Tournament Frequency:
once per epoch
once per every data instance
once per generation.
Tournament Structure:
Take 3, kill 1 and replace it with the child of the other two.
Sort all individuals in the tournament by fitness, kill the lower half and replace it with the offspring of the upper half (where lower is worse fitness and upper is better fitness).
Randomly pick individuals from the tournament to mate and kill the excess individuals.
Tribes
A population can be split into tribes that evolve independently of each-other:
Migration- periodically, individual(s) from a tribe would be moved to another tribe
The tribes are logically separated so that they're like their own separate populations running in separate environments.
Diversity Fitness
Incorporate diversity into the fitness, where you count how many individuals have the same fitness value (thus are likely to have the same phenotype) and you penalize their fitness by a proportionate value: the more individuals with the same fitness value, the more penalty for those individuals. This way specimens with unique phenotypes will be encouraged, therefore there will be much less stagnation of the population.
Those are just some of the things that can greatly affect the performance of a CGP, and when I say greatly I mean that it's in the same order or greater than Ferriera's performance. So if Ferriera didn't tinker with those ideas too much, then she could have seen much slower performance of the CGPs... especially if she didn't do anything to combat stagnation. So I would be careful when reading performance statistics on GEP, because sometimes people fail to account for all of the "optimizations" available out there.
There seems to be some confusion in these answers that must be clarified. Cartesian GP is different from classic GP (aka tree-based GP), and GEP. Even though they share many concepts and take inspiration from the same biological mechanisms, the representation of the individuals (the solutions) varies.
In CGPthe representation (mapping between genotype and phenotype) is indirect, in other words, not all of the genes in a CGP genome will be expressed in the phenome (a concept also found in GEP and many others). The genotypes can be coded in a grid or array of nodes, and the resulting program graph is the expression of active nodes only.
In GEP the representation is also indirect, and similarly not all genes will be expressed in the phenotype. The representation in this case is much different from treeGP or CGP, but the genotypes are also expressed into a program tree. In my opinion GEP is a more elegant representation, easier to implement, but also suffers from some defects like: you have to find the appropriate tail and head size which is problem specific, the mnltigenic version is a bit of a forced glue between expression trees, and finally it has too much bloat.

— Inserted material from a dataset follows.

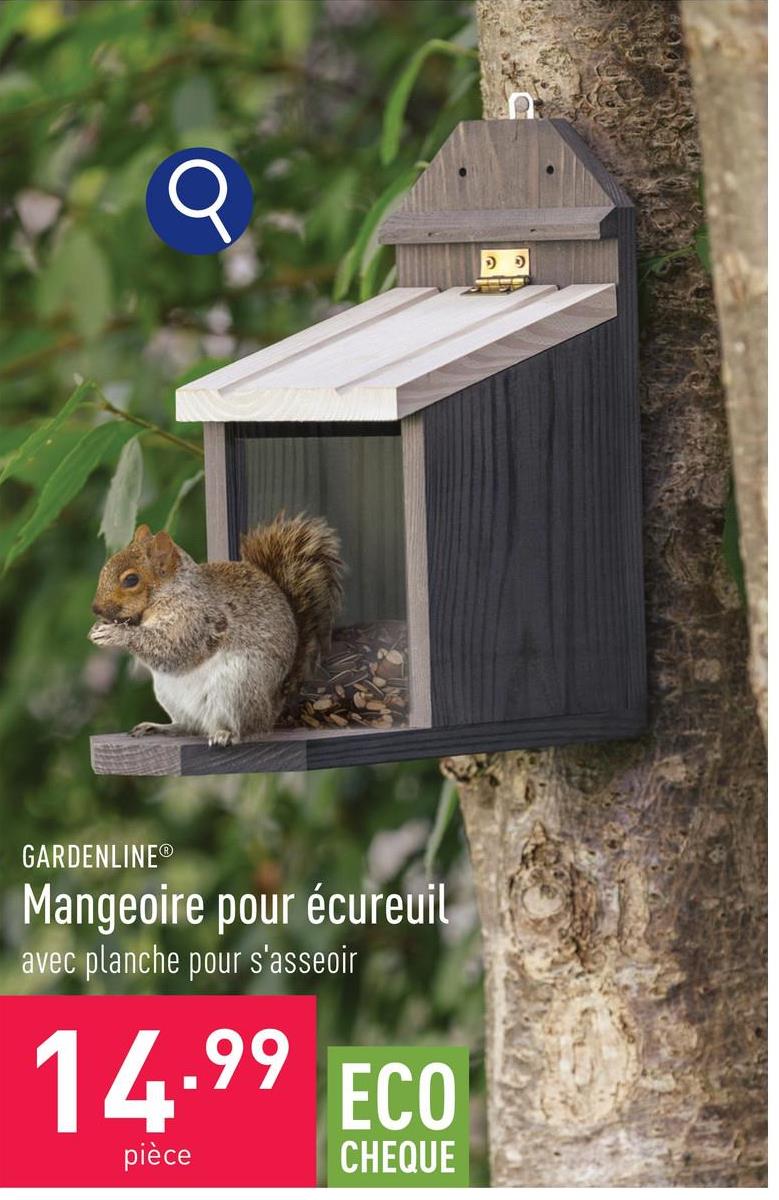 Wildlife Friend I Mangeoire Ecureuil Exterieur - Très Grand - Avec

Independently of which representation may be better than the other in some specific problem domain, they are general purpose, can be applied to any domain as long as you can encode it.
In general, GEP is simpler from GP. Let's say you allow the following nodes in your program: constants, variables, +, -, *, /, if, ...

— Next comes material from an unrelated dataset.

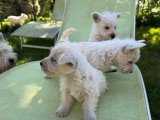 Chiots de race West Highland White Terrier à vendre (3 femelles & 2 mâles)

For each of such nodes with GP you must create the following operations:
- randomize
- mutate
- crossover
- and probably other genetic operators as well
In GEP for each of such nodes only one operation is needed to be implemented: deserialize, which takes array of numbers (like double in C or Java), and returns the node. It resembles object deserialization in languages like Java or Python (the difference is that deserialization in programming languages uses byte arrays, where here we have arrays of numbers). Even this 'deserialize' operation doesn't have to be implemented by the programmer: it can be implemented by a generic algorithm, just like it's done in Java or Python deserialization.
This simplicity from one point of view may make searching of best solution less successful, but from other side: requires less work from programmer and simpler algorithms may execute faster (easier to optimize, more code and data fits in CPU cache, and so on). So I would say that GEP is slightly better, but of course the definite answer depends on problem, and for many problems the opposite may be true.